Friday, December 08, 2006

Molecular designer: a chemical genius at work

Ainan Celeste Cawley is seven years old and two weeks, yet last week, he sat himself down and designed his own homologous series of chemicals. This is a series of chemicals with shared characteristics, and which vary across the series in an orderly fashion. He had a particular purpose in mind for these chemicals, which I am not going to divulge - each would perform the stated purpose.

He drew the chemical molecular structure on A4 paper and showed how the members of the series varied across the series by drawing several examples of his series.

It is clear to me that his chemicals would work in the prescribed way: they would perform the function he desired. The structures, too, were correct.

It seems to me an unusual demonstration of the scientific imagination for a seven year old, just turned, to be designing his own chemicals. His creations are viable chemical entities that would have the properties he intends. He often draws chemicals and has been doing so this past year. Yet, this was the first time, I saw him draw an homologous series.

I do not know what he will become - but I can say what he is: a boy who plays with science, as others do with toys, a boy whose ideas are functional aspects of chemical reality, a boy who does what only an adult scientist might be expected to do - to look for new answers to problems, as he has done in this series.

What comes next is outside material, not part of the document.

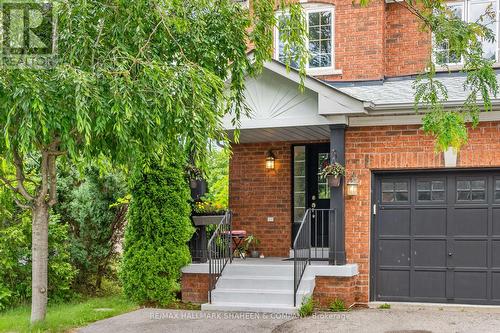 170 Banbrooke Crescent, Newmarket, ON - Outdoor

He has many interests. Perhaps one of his interests foreshadows what he will become. If he becomes a designer of molecules, this post would have pinned down the time in which it began.

Happy thinking Ainan!

(If you would like to read more about Ainan Celeste Cawley, my scientific child prodigy son, aged seven years and two weeks, or his gifted brothers, then please go to:
http://scientific-child-prodigy.blogspot.com/2006/10/scientific-child-prodigy-guide.html I also write of child prodigy, child genius, adult genius, savant, the creatively gifted, gifted adults and gifted children in general. Thanks.)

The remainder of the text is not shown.